There are N dogs lined in a row numbered from 1 to N, having skill level as given in array A. A dog at position p with skill s can pass ball to dog at position q if 1 \leq |p-q| \leq s. Further, each dog can either pass the ball to another dog receiving the ball for the first time or finish the game by scoring. We have to count the number of ways the game may finish.

Two sequences are considered different if their lengths differ, or there is a valid index i in sequence such that at time i, The dogs holding ball differ in both sequences.

### QUICK EXPLANATION

- The total number of sequences ending at position p can be categorized into sequences coming from left side and paths coming from right side to the last dog in sequence.
- Let DP[p] denote the number of paths coming from left side. All paths coming from left to (p-1) position can be extended to pth position. So DP[p] includes DP[p-1]. Also, If Dog at position (p-2) has skill 2, it can directly pass the ball to pth dog, thus DP[p] including DP[p-2] in this case. The third case is when the ball moves from position (p-3) to (p-1) to (p-2) to pth position.
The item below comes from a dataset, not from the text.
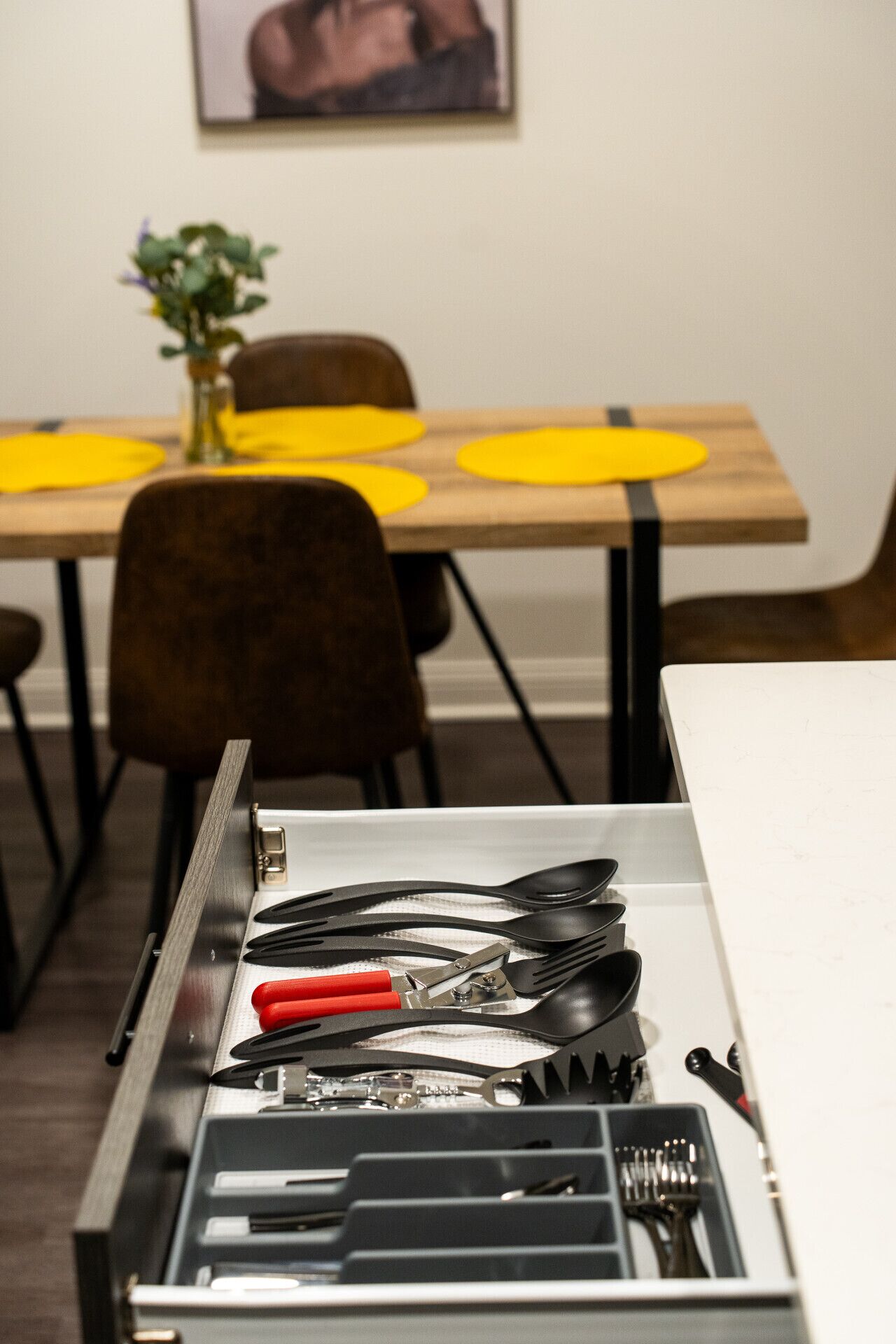 A drawer with various utensils and a laptop.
For this to happen, both dogs at positions (p-3) and (p-2) should have skill level 2. If they do have the skill, DP[p] include DP[p-3] since all paths ending at (p-3) position can end at pth position in this case.
- Paths coming from right side and ending at pth dog reach (p-1) and follows either of the two pattern, 1, 3 \ldots (x-2), x, (x-1), (x-3), \ldots 4, 2 or 1, 3, \ldots (x-2), x, (x+1), (x-1), (x-3) \ldots 4, 2 where position (p-1) represent 1 in patterns, the start point for both patterns. We have to count the number of such patterns in O(1) time. If z is the number of sequences in the above pattern we can complete, then we have DP[p-1]*z paths ending at pth position coming from the right side.
- For finding the number of values of x for each pattern, all that matters is the position of the nearest dog with skill 1 to the right of pth dog.

### EXPLANATION

This problem can go to become way complicated if we are not careful enough in avoiding overcounting sequences. So, Without ado, I am going to divide sequences into two types.
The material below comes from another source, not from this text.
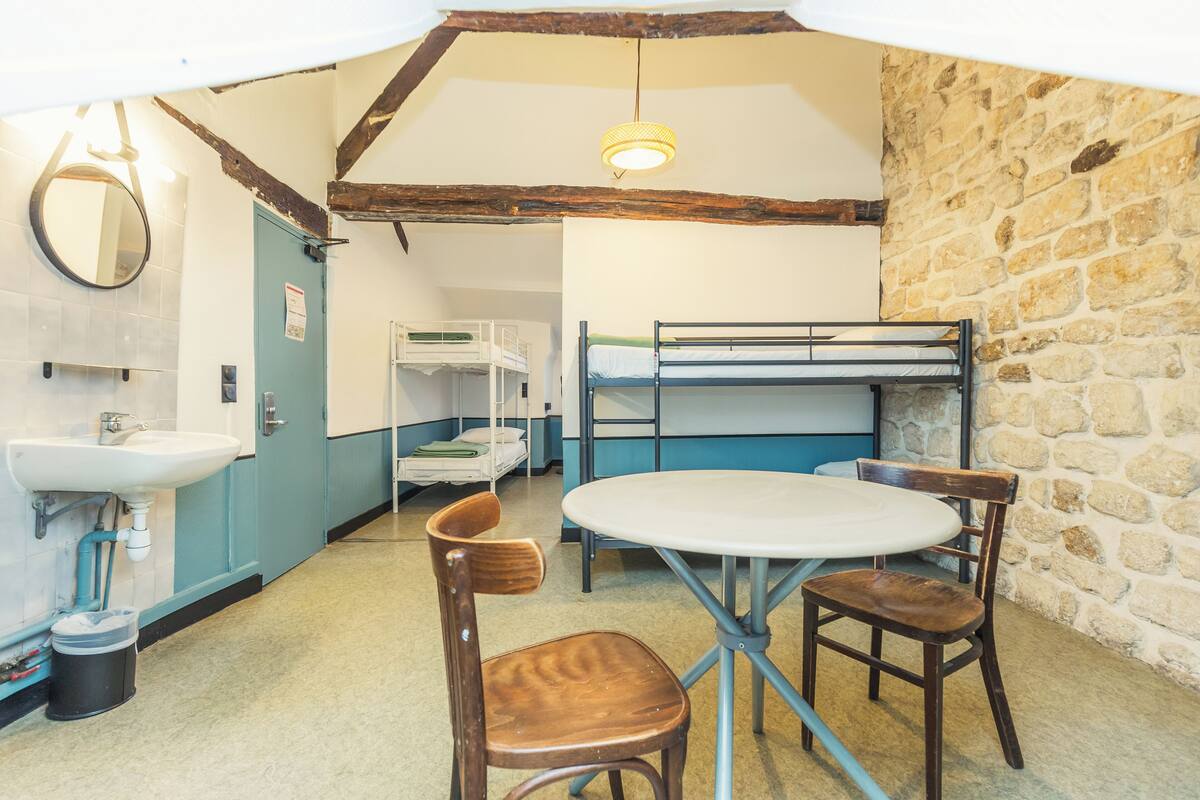 Een kamer met stapelbedden, een wastafel en een ronde tafel met stoelen.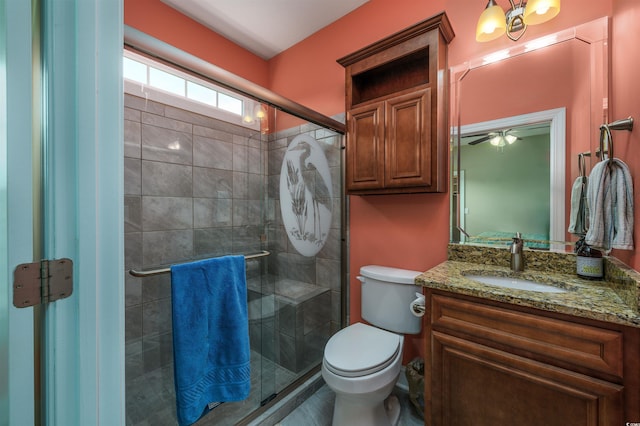 bathroom featuring vanity, a shower with door, and toilet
- The sequences which reach position p moving from the left side in the last step.
- The sequences which reach position p moving from the right side in the last step.

For counting sequences of the first type, we shall use dynamic programming. Let DP[p] denote the number of sequences of first type ending at position p. Assuming we have calculated DP[i] for all i < p, we need to calculate DP[p]. There are three different ways we can reach pth position, from position (p-1), from position (p-2) and from position (p-3) to (p-1) to (p-2) to p.
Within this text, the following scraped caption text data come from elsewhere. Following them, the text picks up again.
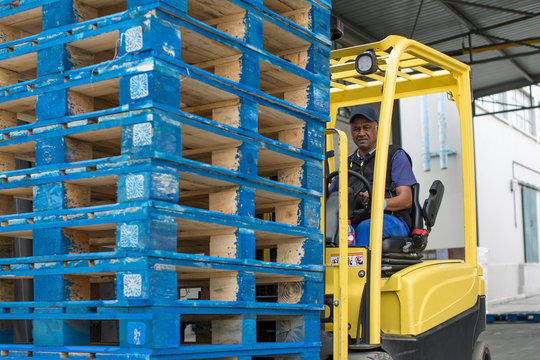 Forklift driver loading stacked pallets at packaging factory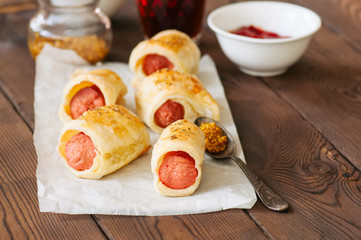 Pigs in a planket. Puff pastry rolls with sausages on a wooden background. Fast food or beer snack concept.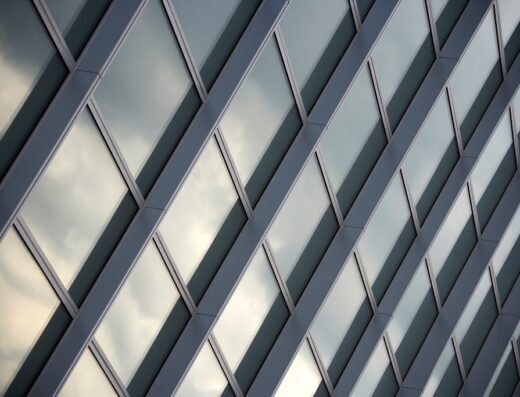 Dettaglio architettonico dell'Oval Lingotto Fiere a Torino, con vetrate a losanga che riflettono il cielo.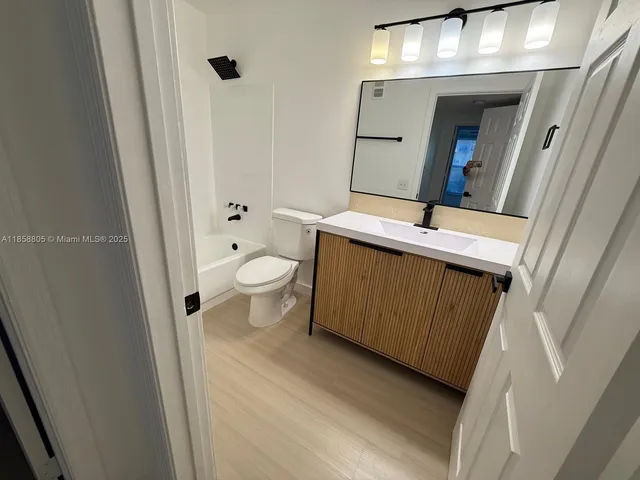 a bathroom with a sink and mirror with toilet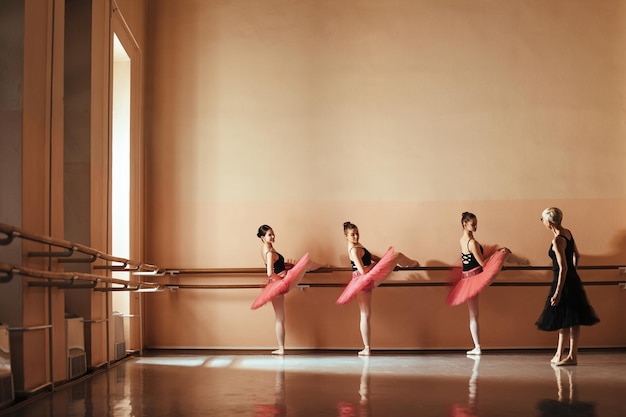 Tiener balletdansers oefenen op een barre terwijl ze een les hebben met hun instructeur op balletschool Copy space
We can always move from position (p-1) to position p (assuming position p is unvisited) irrespective of skills, So, we add DP[p-1] to DP[p] Since all sequences ending at position (p-1) can now be extended to position p.

For moving from position (p-2) to position p directly, The dog at position (p-2) should have 2 as skill. If the condition is satisfied, we add DP[p-2] to DP[p] Since all sequences ending at position (p-2) can now be extended to position p.

In the third case, The ball moves from position (p-3) to (p-1) to (p-2) to position p. For this, both the dogs at positions (p-2) and at position (p-3) should have skill power 2. If the condition is satisfied, Every path ending at position (p-3) can now be extended to position p (different from the first two). So we add DP[p-3] to DP[p] in this case.

We have calculated the number of all possible sequences ending at a given position which move from left side to pth position in the last move.

For the sequences moving from right at last step and ending at pth position, at some point reach (p-1) position and from there, can follow only two patterns to reach pth position. So dog at position (p-1) is required to have skill 2, otherwise, there is no sequence ending at position p from the right side.

Refer the two possible patterns below which are possible. (In following patterns, 1 denote position (p-1), 2 denote position p and so on).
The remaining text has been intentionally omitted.